Le site et le Myspace de Rodrigo Y Gabriela.

mercredi 26 septembre 2007

Sans foi(e) ni loi

WASP, pour votre serviteur, a toujours été au metal californien ce que Joe Dante est à Spielberg. Sa face obscure, son côté moins avouable, sa... mauvaise conscience, en quelque sorte. WASP, c'est un peu un Bon Jovi ou un Kix à qui l'on aurait donné à bouffer après minuit : une saloperie de gremlin (pour ne pas dire un critter - je vous renvoie au clip de Scream Until You Like It) prêt à prendre en levrette tous les gizmos de la terre (par le petit trou).

Mais WASP, toujours pour votre serviteur, c'est aussi et surtout un personnage : Blackie Lawless. Maître-chanteur en chef, ce pétroleur intérimaire chez les NY Dolls acheva de ciseler son style dans Sister et London au côté de Nikki Sixx, avant de former le groupe le plus outrageux et décadent - le Crüe - de son époque. Indien d'origine (encore un, y'a sûrement quelque chose à gratter si l'on voulait faire de la socio de comptoir), géant bagarreur dans son adolescence au point de refaire le portrait d'un instructeur militaire à quinze piges, notre homme est plus complexe qu'il n'y paraît et a su donner toujours plus de corps, de densité, de sens à son groupe au fil de sorties pas toujours géniales, mais au minimum dignes d'intérêt. Mais surtout, surtout, convaincu d'être un entertainer avant tout, Lawless reste emblématique de ce statut très anglo-saxon que le faible rayonnement du metal hexagonal n'aura jamais permis de faire éclore ici... à de rares exceptions près (on sait qu'un Hreidmarr, par exemple, connaît son petit WASP illustré sur le bout des doigts).

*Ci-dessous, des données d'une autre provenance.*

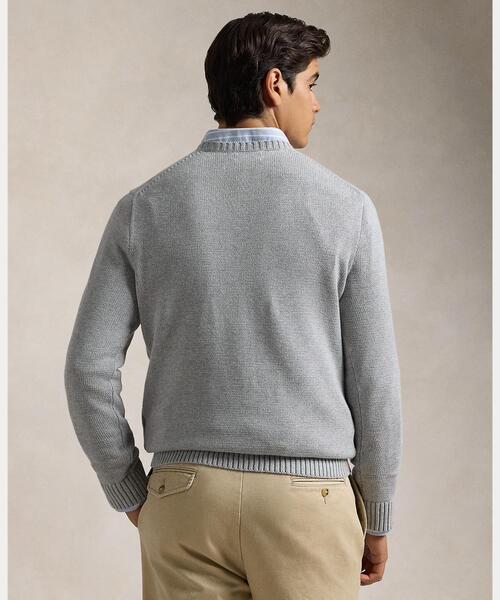 POLO RALPH LAUREN セーター ニット コットン クルーネック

Au-delà de la musique, dont on pourrait causer un moment tant WASP était différent (qui d'autre a su se nourrir ainsi de ce feeling NWOBHM, loin des légèretés chiées par Ratt, Poison et autres Cinderella ? Qui d'autre arrivait à injecter dans son art ce côté classic rock emprunté tant aux Kinks, qu'aux Beatles ou qu'aux Who ? Qui d'autre aura su si bien passer en quatre albums des couilles [WASP, 1984] à la cervelle [The Headless Children, 1989] ?...), ce que j'aime par-dessus tout c'est la voix de Lawless. Hurlée ou chantée, éraillée et puant le bourbon autant que gorgée d'émotion, elle possède ce grain unique de mélancolie tragique qui, s'il était là dès le début (Hellion, Sleep In The Fire), sera finalement dompté à partir du génial et cathartique The Crimson Idol, un album indispensable à toute discothèque, metal ou pas, digne de ce nom.

Stakhanoviste, perfectionniste, Lawless a arrêté voilà bien longtemps de se fournir chez Doctor Rockter (connu par d'autres sous les noms de Doctor Feelgood ou Mr. Brownstone) et continue de sortir album sur album. Le dernier n'a qu'un tort, être sorti trop tard pour devenir un classique, mais j'avoue me contenter largement des cinq (six en comptant le Live... In the Raw) premiers. Autrefois assis sur le trône crasseux de la scène glam de L.A., Blackie est aujourd'hui un froid contempteur de son pays, plus du tout poseur mais peut-être un peu donneur de leçon, et dont le discours se situe quelque part entre ceux d'un Jourgensen et d'un Mustaine. Une chose reste certaine : même s'il ne découpe plus des nonnes dénudées et crucifiées (Arkhon, tiens-toi bien), même s'il ne balance plus des quartiers de bidoche à son public (Mayhem, tiens-toi bien), et même s'il ne transforme plus son sexe en scie à métaux (une électrocution l'en a dissuadé il y a bien longtemps !), ce cher Steven Duren reste un véritable Rebel in the F.D.G.... et plus qu'un de nos pairs, un de nos pères.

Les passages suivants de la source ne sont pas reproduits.